**Task directions**
Whenever a line in the entries below contains "Black", copy that line.

Data extracted from a collection:

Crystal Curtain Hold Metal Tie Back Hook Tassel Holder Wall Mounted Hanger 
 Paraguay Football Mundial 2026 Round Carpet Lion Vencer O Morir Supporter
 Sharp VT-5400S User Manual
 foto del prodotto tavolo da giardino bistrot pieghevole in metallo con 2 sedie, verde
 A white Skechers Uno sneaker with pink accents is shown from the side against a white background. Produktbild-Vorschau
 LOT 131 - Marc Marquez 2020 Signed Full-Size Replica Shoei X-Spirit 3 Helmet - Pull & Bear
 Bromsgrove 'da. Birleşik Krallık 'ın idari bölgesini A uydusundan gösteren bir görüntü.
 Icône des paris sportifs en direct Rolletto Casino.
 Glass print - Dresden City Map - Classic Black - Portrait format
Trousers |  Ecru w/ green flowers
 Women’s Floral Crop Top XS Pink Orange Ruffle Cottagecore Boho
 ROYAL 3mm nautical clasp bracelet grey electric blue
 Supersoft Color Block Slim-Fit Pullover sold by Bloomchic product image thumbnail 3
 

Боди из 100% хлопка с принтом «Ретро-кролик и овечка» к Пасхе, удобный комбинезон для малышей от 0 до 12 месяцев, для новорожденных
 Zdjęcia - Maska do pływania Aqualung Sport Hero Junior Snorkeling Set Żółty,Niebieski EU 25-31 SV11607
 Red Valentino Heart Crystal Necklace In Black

**Problem solution**
 Glass print - Dresden City Map - Classic Black - Portrait format
 Red Valentino Heart Crystal Necklace In Black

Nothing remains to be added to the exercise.